McNeilly continued, “For example, James W. Schumacher, retired at age 57 from the Charlotte Municipal government and collects an annual pension of $114,367. His estimated lifetime pension payout is stunning $3,750,760.*”
“James Irving Pendergraph, retired from Mecklenburg County government at the age of 57, has an annual pension of $101,314, with a staggering estimated lifetime payout of $3,085,778.* ”
“Retired Mecklenburg County government teacher, Gregory Clemmer, has a lifetime estimated pension payout of $3,708,541*, with an annual pension of $117,401, having retired at 56.”

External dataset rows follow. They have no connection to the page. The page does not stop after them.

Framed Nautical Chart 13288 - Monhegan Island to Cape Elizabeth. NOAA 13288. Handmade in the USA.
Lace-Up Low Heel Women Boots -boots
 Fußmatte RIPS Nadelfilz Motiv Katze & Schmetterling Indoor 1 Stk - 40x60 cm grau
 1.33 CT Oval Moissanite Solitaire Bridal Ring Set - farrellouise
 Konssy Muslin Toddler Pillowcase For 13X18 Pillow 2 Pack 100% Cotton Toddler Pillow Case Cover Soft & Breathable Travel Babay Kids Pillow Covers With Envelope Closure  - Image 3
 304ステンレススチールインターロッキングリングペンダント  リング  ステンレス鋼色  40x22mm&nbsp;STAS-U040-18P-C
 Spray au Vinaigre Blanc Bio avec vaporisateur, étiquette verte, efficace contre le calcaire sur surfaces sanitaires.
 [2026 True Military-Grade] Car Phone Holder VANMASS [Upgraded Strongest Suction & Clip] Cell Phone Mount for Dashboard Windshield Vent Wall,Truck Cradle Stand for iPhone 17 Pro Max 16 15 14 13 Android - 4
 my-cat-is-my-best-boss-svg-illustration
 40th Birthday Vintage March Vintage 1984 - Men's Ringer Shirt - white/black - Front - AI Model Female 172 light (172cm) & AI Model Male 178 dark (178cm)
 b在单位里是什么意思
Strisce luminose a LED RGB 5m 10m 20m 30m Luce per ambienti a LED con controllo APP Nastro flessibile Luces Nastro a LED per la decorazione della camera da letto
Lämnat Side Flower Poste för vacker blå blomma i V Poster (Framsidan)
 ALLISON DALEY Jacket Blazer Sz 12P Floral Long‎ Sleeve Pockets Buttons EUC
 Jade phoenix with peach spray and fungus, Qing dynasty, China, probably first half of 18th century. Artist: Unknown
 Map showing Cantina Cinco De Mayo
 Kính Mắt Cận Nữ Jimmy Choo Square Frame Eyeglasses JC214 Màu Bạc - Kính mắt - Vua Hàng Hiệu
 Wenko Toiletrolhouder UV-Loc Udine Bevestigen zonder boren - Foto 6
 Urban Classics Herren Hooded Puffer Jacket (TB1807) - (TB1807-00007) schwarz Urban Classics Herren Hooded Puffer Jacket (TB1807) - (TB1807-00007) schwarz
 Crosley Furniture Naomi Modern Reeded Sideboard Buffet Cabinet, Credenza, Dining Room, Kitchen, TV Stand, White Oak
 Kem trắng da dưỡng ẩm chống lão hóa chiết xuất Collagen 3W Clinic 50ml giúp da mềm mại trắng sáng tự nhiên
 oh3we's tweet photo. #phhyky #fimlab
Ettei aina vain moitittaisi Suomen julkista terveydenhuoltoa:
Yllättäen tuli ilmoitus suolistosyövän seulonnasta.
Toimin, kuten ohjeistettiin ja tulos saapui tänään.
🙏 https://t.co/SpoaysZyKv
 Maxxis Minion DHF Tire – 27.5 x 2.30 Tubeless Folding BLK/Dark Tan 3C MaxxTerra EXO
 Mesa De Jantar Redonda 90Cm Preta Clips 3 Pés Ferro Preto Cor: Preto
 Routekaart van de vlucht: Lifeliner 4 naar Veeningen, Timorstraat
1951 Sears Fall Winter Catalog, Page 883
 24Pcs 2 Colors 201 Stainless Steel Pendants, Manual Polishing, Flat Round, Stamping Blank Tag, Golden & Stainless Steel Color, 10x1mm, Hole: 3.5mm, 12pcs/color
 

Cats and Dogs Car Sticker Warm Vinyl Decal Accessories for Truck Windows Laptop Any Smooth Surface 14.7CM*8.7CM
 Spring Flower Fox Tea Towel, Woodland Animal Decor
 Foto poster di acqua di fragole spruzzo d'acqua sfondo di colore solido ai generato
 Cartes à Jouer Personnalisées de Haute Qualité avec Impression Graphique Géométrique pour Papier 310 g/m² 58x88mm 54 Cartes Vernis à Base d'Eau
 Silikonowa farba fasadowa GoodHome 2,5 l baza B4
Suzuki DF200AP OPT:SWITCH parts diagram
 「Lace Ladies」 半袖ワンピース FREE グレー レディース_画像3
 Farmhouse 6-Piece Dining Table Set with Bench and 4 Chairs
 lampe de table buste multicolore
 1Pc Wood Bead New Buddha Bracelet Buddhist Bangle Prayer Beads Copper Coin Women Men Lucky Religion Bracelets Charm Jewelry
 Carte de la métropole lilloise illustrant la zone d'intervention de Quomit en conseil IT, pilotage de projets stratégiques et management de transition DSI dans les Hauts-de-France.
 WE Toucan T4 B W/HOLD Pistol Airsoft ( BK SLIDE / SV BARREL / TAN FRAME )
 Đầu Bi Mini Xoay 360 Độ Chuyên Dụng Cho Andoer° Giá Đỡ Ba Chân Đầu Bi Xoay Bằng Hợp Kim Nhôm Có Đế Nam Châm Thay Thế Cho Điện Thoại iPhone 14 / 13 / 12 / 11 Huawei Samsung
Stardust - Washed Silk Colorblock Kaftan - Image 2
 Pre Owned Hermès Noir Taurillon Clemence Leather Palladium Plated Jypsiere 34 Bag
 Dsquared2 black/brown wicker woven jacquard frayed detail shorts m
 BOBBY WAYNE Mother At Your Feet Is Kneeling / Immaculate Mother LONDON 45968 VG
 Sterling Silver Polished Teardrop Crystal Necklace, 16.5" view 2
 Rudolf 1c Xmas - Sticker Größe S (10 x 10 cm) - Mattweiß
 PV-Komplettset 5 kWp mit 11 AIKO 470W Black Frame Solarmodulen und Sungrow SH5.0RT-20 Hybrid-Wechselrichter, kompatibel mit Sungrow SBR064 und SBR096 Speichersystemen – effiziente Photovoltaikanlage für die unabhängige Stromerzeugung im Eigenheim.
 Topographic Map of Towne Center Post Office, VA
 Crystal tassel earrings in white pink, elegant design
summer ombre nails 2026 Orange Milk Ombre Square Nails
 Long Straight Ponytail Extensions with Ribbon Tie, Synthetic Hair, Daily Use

View pension amounts below:
- Charlotte Municipal Top 100
- Forsynth County Government Employees Top 100
- Greensboro City Government Teachers Top 100
- Greensboro Municipal Government Employees Top 100
- Guilford County Government Employees Top 100
- Guilford County Government Teachers Top 100
- Mecklenburg County Employees Top 100
- Mecklenburg County Teachers Top 100
- North Carolina State Legislators Top 25
- North Carolina State Government Safety Employees Top 100
- North Carolina State Government Employees Top 100
- North Carolina State University Employees Top 100
- Raleigh Municipal Government Employees Top 100
- Wake County Government Teachers Top 100
- Wake County Government Employees Top 100
- Winston-Salem Municipal Government Employees Top 100
- Winston-Salem Forsyth County Government Teachers Top 100
“North Carolina’s government pension systems are crushing middle class North Carolinians. Government employees should be paid a fair wage for the work they do today so they can save for their own retirement. Replacing defined benefit pensions for all new government hires with social security and 401(k)s would eventually eliminate unfunded government pensions. Current government employees must consider a voluntary pension contribution of up to 10% to preserve their pension benefits. Additionally, all members should pay for 50% of their healthcare premiums. We need a stable system that is fair to both taxpayers and beneficiaries or pension checks will stop coming,” added McNeilly.
*Annual pensions are actual amounts provided by the respective fund. Lifetime estimates include the sum of the pension paid to date and the projected remaining payments with a 1% COLA. Uses a life expectancy of 85 (IRS Form 590), the actual retirement date and age at retirement
Your numbers are wrong when it comes to determine what the actual pension payout. A NC state employee has to work for 30 years to collect 78% of the avg of their two highest paid years while they are working(generally the last 2). So if their two highest years are say 101,000 then you take 78% of that which is 78,780 and that is what is actually collected a year for retirement. Get the facts straight and present them straight before you decide to publish an obviously very biased article.
Mike, the annual pensions, as well as the pensions paid to date were provided by the respective pension funds; these were not estimates or calculations.